Photo of the Week
July 31, 2016

Well I did some more hunting in my digital files this week and found another photo almost like last week's photo of the Gorgona Shops and the Masonic Lodge on the hill.  This photo shows a much better view of the stairs that I mentioned last week.  You can see the stairway entrance pillars at the base of the stairs in this photo.  These are the same pillars I found partially exposed by the jungle.  You can see the pillars and the stairs better in a blow-up I made below.  The water level was just at the base of the stairs, so you can picture all the rest of the shops and area below the lodge that is now underwater.  The water depth isn't that deep, but I am sure the dredges have done their digging and deepening the area through the years.  I love the photographer's fancy fonts and icons in the printing on the old photo which says, "NOON TIME AT GORGONA SHOPS".  There are quite a few more people seen in this photo compared to last week as they are all heading downtown for chow.

Below the black and white blow up is a scan of an old colorized post card pointing in the direction of downtown Gorgona.  I can imagine that photographer of the above photo was at the top of the stairs in the colorized post card and then in reverse, the photographer that took the photo below was up by the old lodge.

Another interesting thing about the colorized photo below is the train track line.  These tracks split the town of Gorgona and also split the Gorgona islands when the lake flooded.
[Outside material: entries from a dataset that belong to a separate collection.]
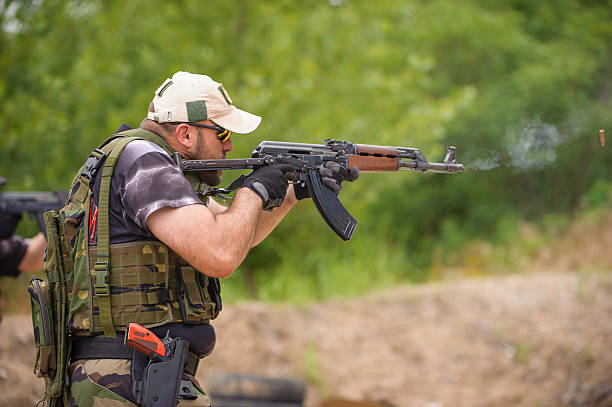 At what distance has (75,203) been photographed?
2.56m

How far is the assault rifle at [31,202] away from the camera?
504 centimetres

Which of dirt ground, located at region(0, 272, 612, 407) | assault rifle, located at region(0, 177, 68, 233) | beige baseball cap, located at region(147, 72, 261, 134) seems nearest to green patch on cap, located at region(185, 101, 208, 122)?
beige baseball cap, located at region(147, 72, 261, 134)

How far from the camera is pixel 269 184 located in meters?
2.62

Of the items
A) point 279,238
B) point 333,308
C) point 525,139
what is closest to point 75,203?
point 525,139

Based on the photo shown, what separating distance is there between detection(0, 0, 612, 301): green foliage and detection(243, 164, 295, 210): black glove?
70.7 inches

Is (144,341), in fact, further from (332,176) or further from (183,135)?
(332,176)

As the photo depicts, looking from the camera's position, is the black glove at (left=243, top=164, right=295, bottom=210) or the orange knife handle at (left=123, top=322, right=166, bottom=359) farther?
the black glove at (left=243, top=164, right=295, bottom=210)

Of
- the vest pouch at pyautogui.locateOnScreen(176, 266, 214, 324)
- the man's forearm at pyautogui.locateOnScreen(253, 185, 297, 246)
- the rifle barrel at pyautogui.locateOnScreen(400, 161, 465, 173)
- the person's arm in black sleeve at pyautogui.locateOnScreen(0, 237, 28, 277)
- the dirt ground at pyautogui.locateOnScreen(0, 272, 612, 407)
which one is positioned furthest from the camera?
the dirt ground at pyautogui.locateOnScreen(0, 272, 612, 407)

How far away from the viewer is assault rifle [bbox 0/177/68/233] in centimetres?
504

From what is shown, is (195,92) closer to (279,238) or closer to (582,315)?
(582,315)

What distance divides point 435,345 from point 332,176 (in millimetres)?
4618

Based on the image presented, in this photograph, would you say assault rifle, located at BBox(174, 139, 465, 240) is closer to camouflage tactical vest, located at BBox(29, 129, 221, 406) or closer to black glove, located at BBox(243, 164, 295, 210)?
black glove, located at BBox(243, 164, 295, 210)

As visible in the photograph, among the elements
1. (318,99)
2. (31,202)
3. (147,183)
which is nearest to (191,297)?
(147,183)

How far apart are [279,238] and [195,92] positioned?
6906 millimetres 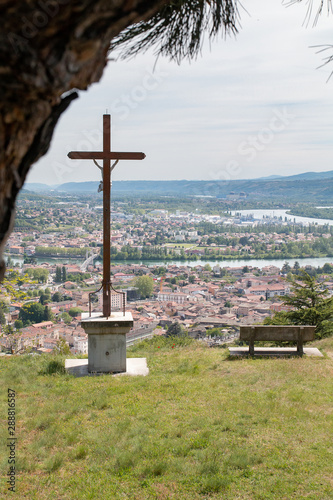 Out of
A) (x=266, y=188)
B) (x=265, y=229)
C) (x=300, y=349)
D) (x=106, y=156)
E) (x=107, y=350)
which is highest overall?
(x=266, y=188)

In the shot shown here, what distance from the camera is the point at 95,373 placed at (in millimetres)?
5223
When I used to search the Gorgona islands for bottle and relics, this passage way was still there and very interesting as this is the same passage way that the original 1855 railroad line ran.  The old Gorgona train station which I have posted photos of in the past was along these tracks.  I did some searching on Google Maps this week and that passage way is all filled in now with dredge and dozer fill.  So much for that historical area!

Gorgona was quite the town in it's days and considered one of the older and larger towns.

I just love these old comparisons of the days gone by and forgotten by many.